Catherine Pégard, ministre française de la Culture, a récemment affirmé son "attachement indéfectible à la liberté de création" et la nécessité de soutenir les artistes face à la menace qui pèse sur leur intégrité. Cette déclaration a été faite à l'AFP, suite à l'annonce de la condamnation du romancier Kamel Daoud en Algérie.
Kamel Daoud, écrivain franco-algérien résidant en France, a révélé mercredi avoir été condamné à trois ans de prison par le tribunal d'Oran pour son roman "Houris", qui traite de la guerre civile algérienne, une œuvre primée par le prix Goncourt de 2024.
Dans sa déclaration, Pégard a insisté sur le fait que la liberté de création doit souvent s'exprimer dans des contextes tendus, ajoutant que "défendre les artistes est essentiel pour préserver la dignité et la sécurité de la littérature et de l'art".

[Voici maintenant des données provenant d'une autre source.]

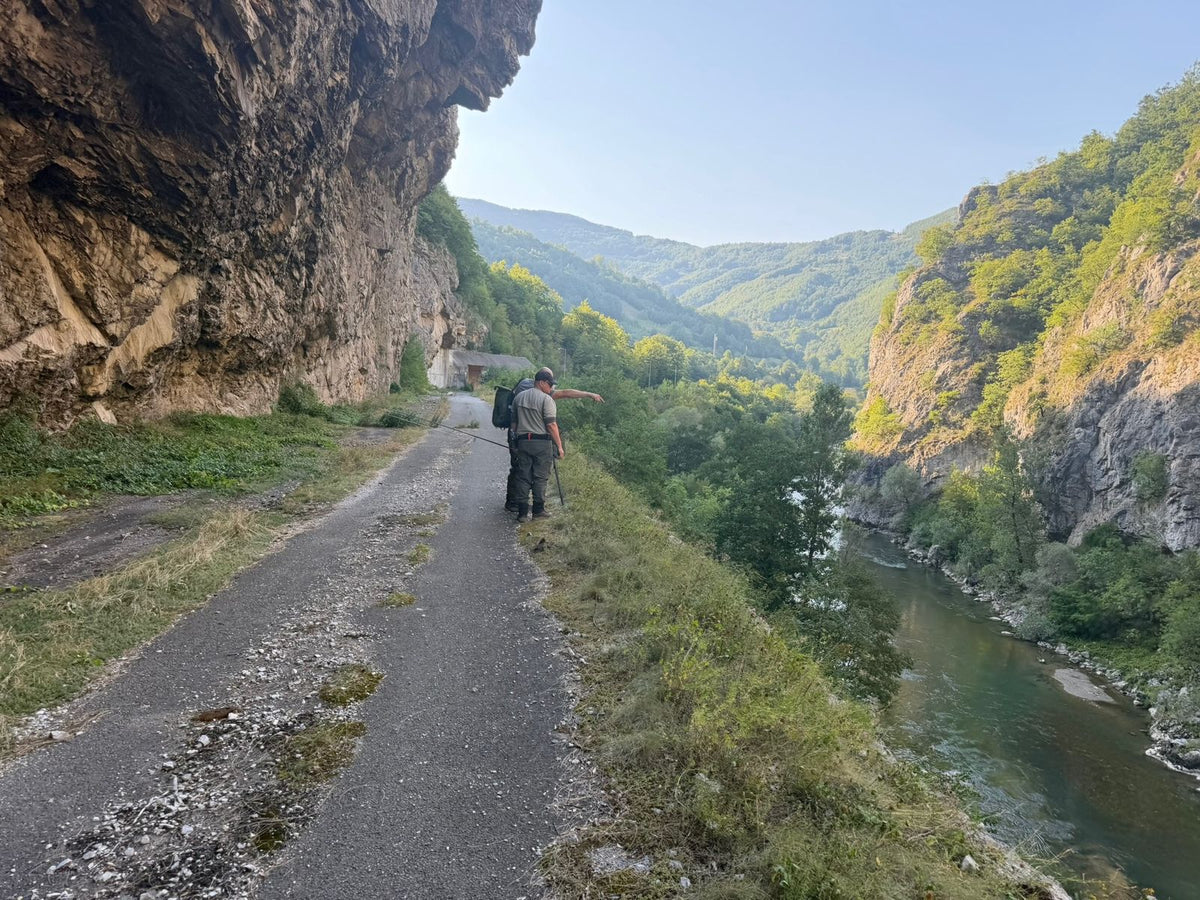 Zwei Fliegenfischer blicken von einer alten Straße unter einem Felsüberhang hinunter zum Fluss in Montenegro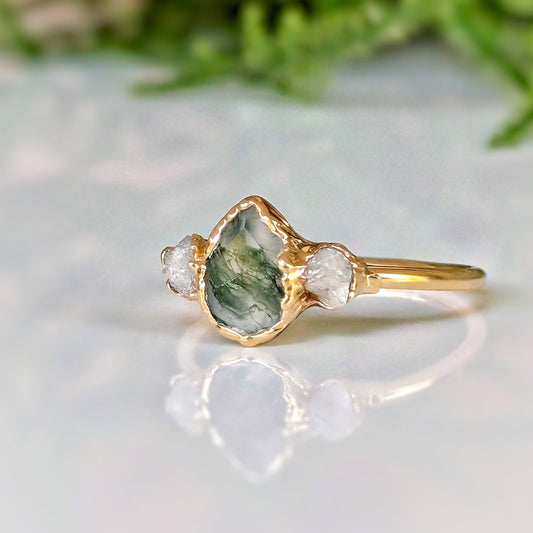 Moss Agate and raw diamond engagement ring on a gold band, showcasing a pear-shaped Moss Agate with raw Herkimer diamonds.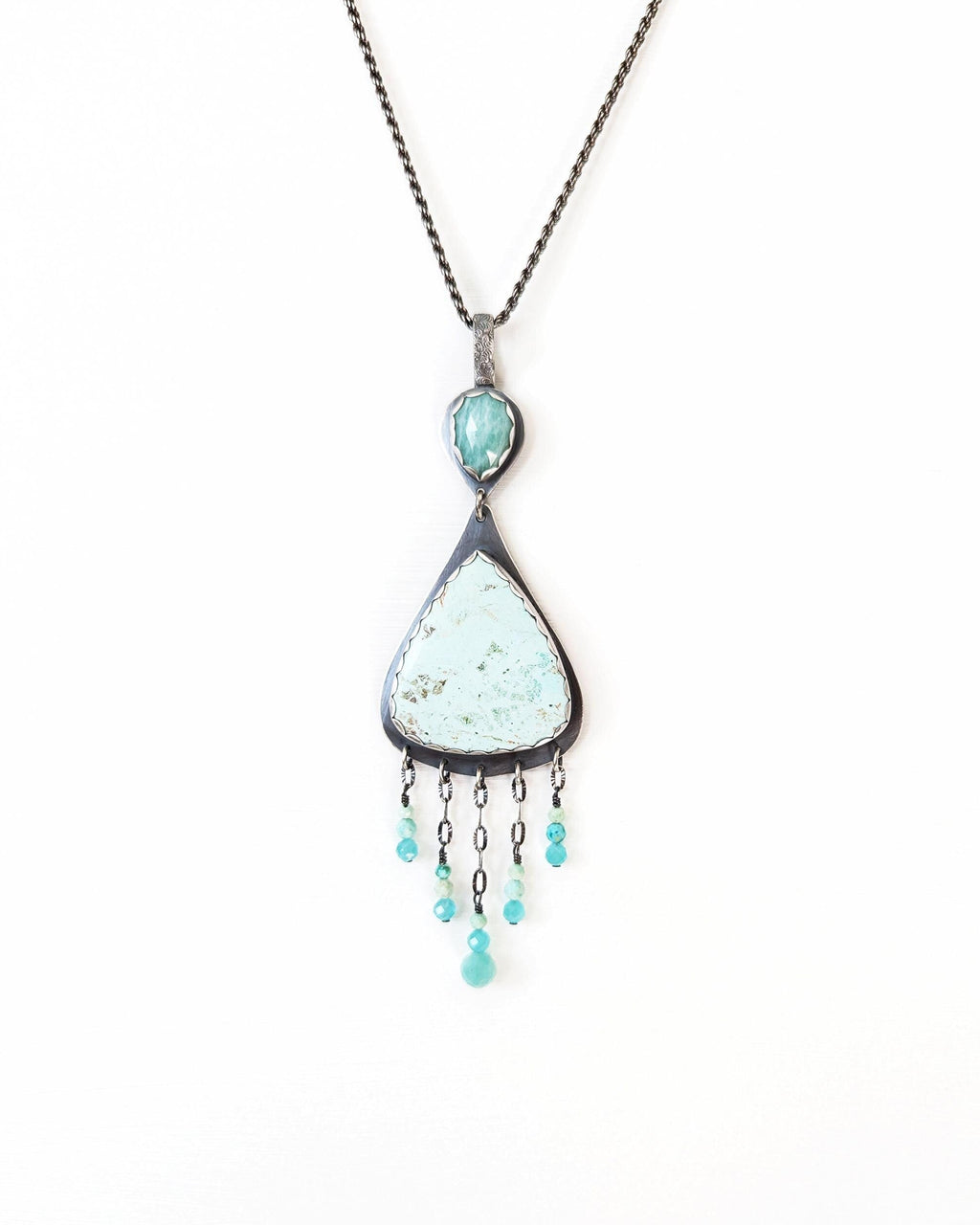 Pear shaped artisan silver pendant in pale aqua tones on chain (not included)
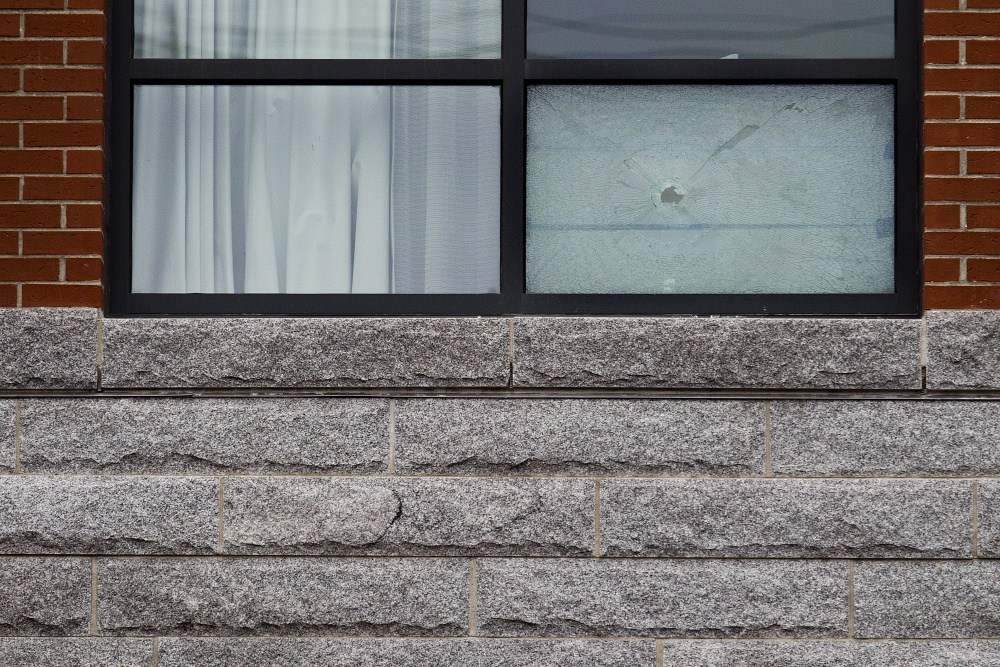 A bullet hole is seen on a second second-floor window of the Courtyard Marriott on Commercial Street on Saturday. The damage was found by two guests staying in the room Friday night.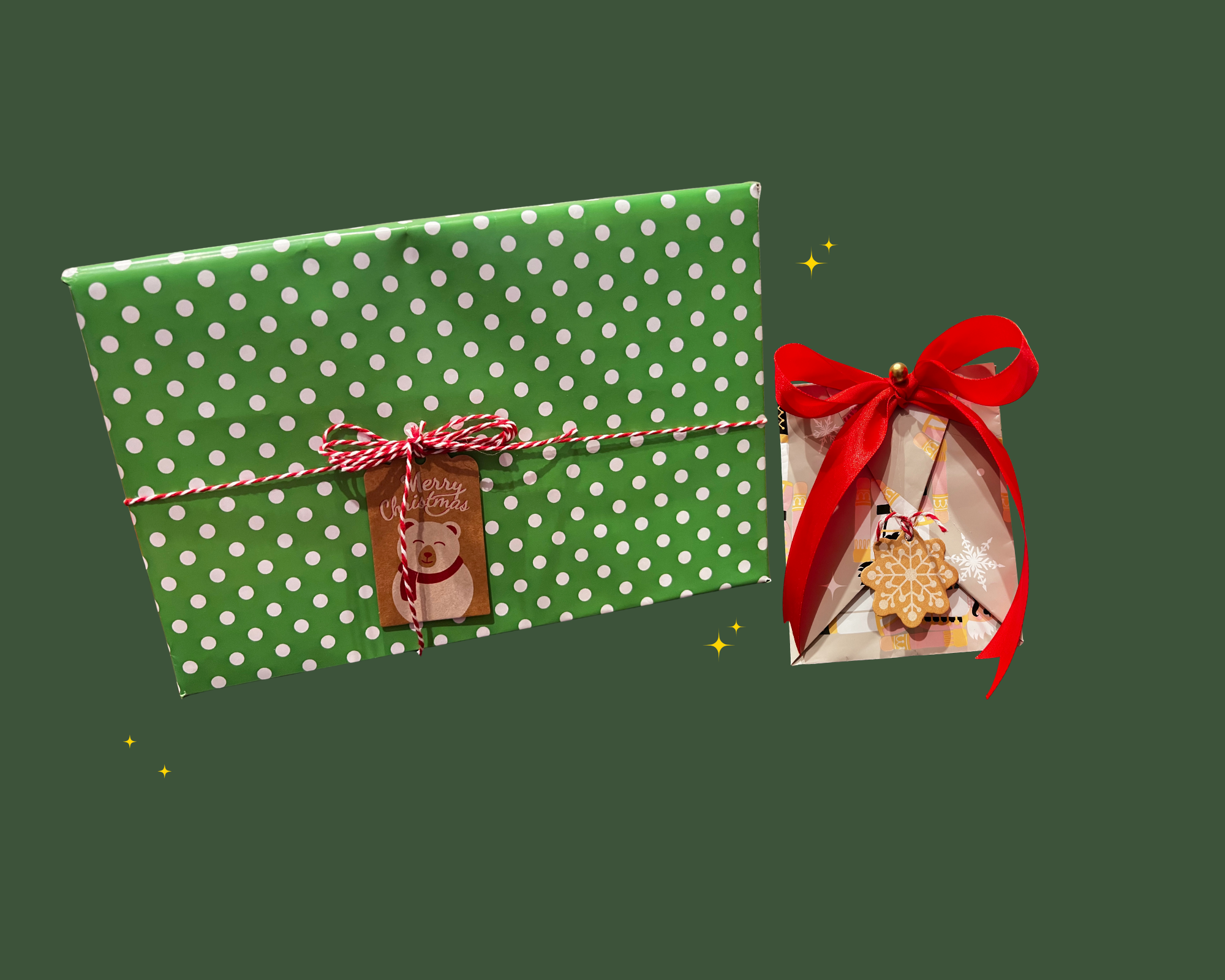 Two Christmas gift boxes on a dark green background. The larger box is wrapped in green paper with white polka dots, decorated with a red and white string, and a tag that says "Merry Christmas" with a bear illustration. The smaller box is wrapped in paper with holiday designs, tied with a red ribbon, and has a gingerbread cookie ornament hanging from it.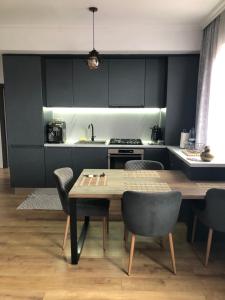 a kitchen with black cabinets and a wooden table and chairs at Apartament Icas in Dej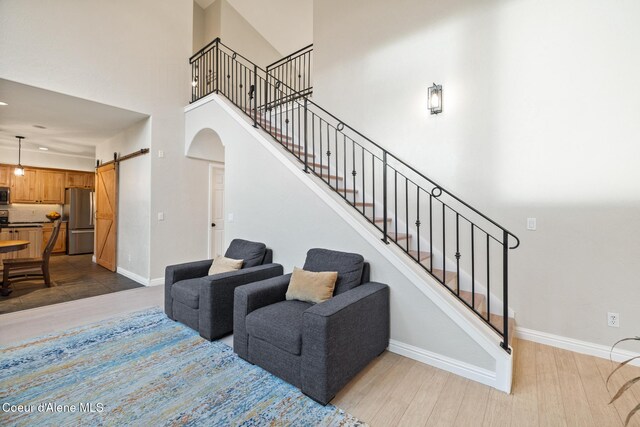 22385 N Ranch View Dr, Rathdrum, ID 83858 - staircase featuring a barn door, a high ceiling, wood finished floors, arched walkways, and baseboards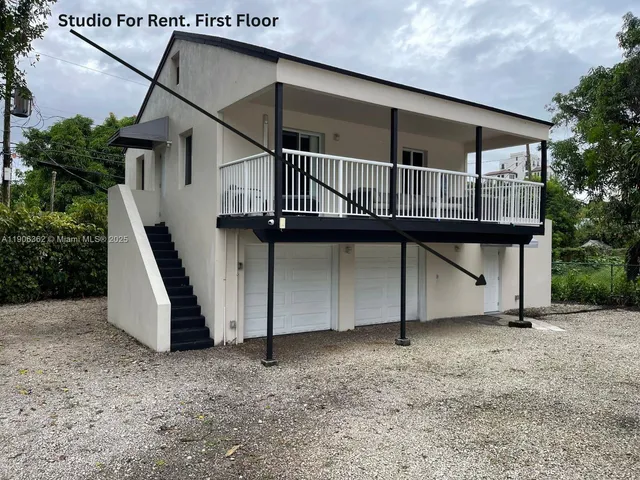 a house view with a backyard space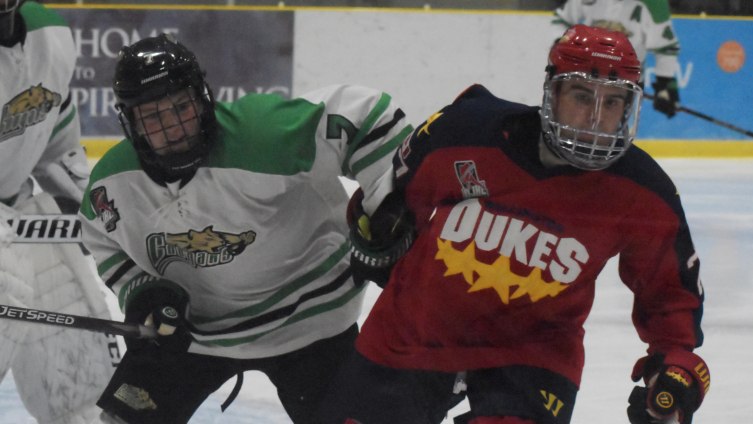 <p>NO HOLDING BACK- Dukes forward Jake Gagnon muscles through Cobourg’s Darren Beattie during Wellington’s 5-2 win at Lehigh Arena Friday night. Gagnon leads Wellington in scoring with eight points in four games. (Jason Parks/Gazette Staff)</p>
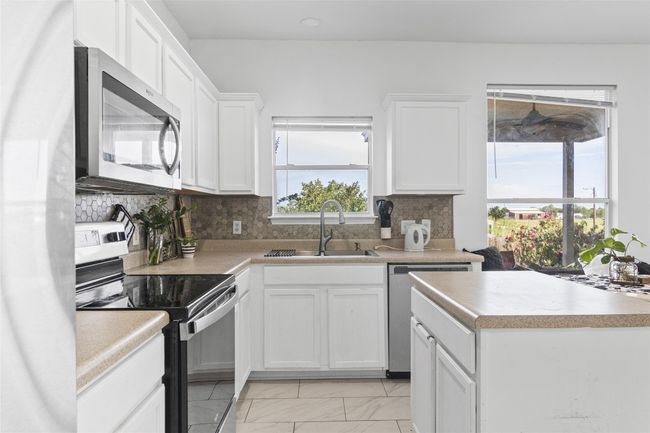 13524 Lyndon B Johnson St, House other with 3 bedrooms, 3 bathrooms and 2 parking in Manor TX | Image 14
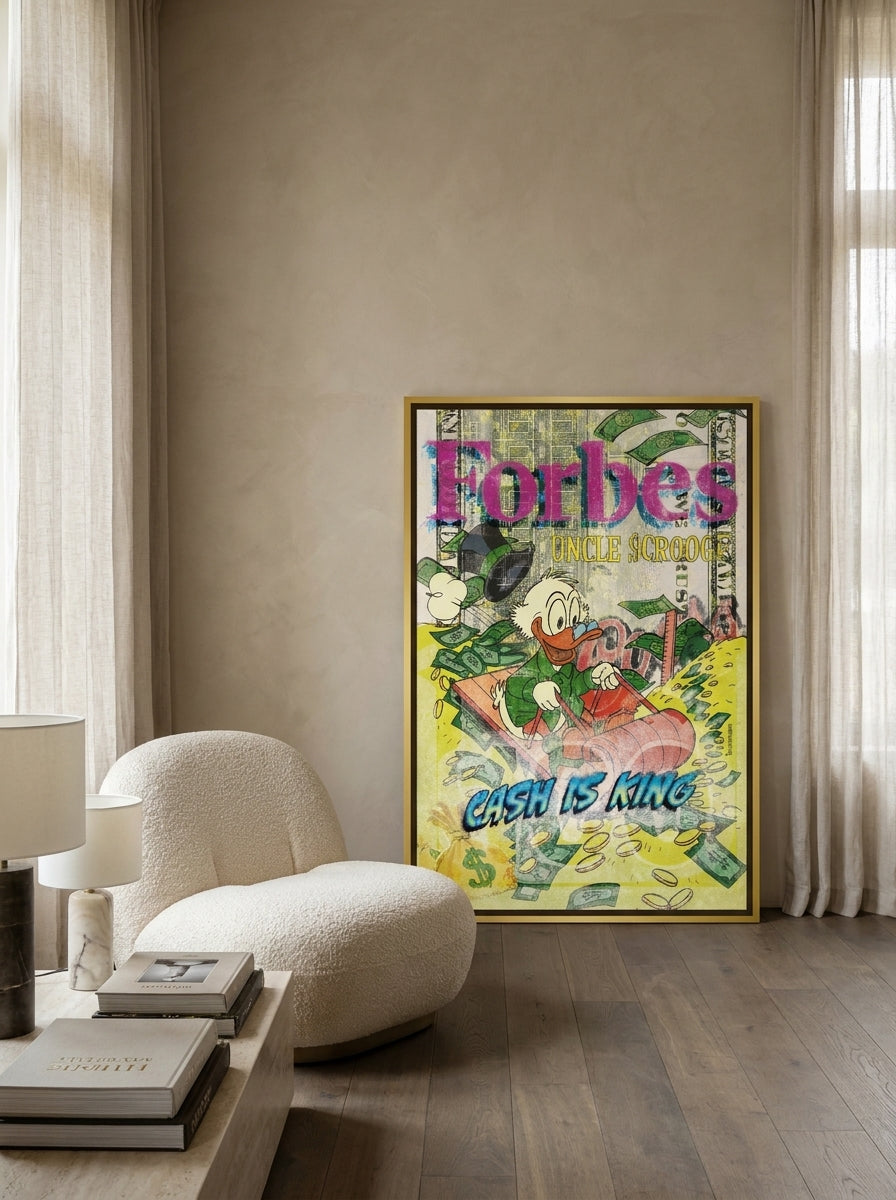Oversized statement canvas wall art with a gold leaf surround leaning against the wall in a luxe living room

Le ministre des Affaires étrangères, Jean-Noël Barrot, a également exprimé son indignation sur France Info, déclarant qu'il "déplorait" la condamnation de Kamel Daoud pour ses écrits. "Il s'agit d'une atteinte à la liberté d'expression", a-t-il soutenu, précisant que Daoud, en tant que résident français, ne devrait pas être inquiété.
L'écrivain a évoqué sur X sa condamnation à trois ans de prison et à une amende de cinq millions de dinars algériens (environ 32 000 euros) en vertu de la Charte pour la paix et la réconciliation nationale, ajoutant que le tribunal avait également décrété un interdit de retour en Algérie.
Cette décision intervient dans un contexte de relations franco-algériennes qui semblent s'améliorer, après une période de tensions exacerbées, rappelant notamment l'incarcération du romancier Boualem Sansal, gracié par le président algérien en novembre 2025.
Enfin, il est crucial de mentionner la situation du journaliste sportif français Christophe Gleizes, toujours emprisonné en Algérie, ayant vu sa condamnation à sept ans de prison, confirmée en appel, dénoncée par ses soutiens comme étant d'ordre politique.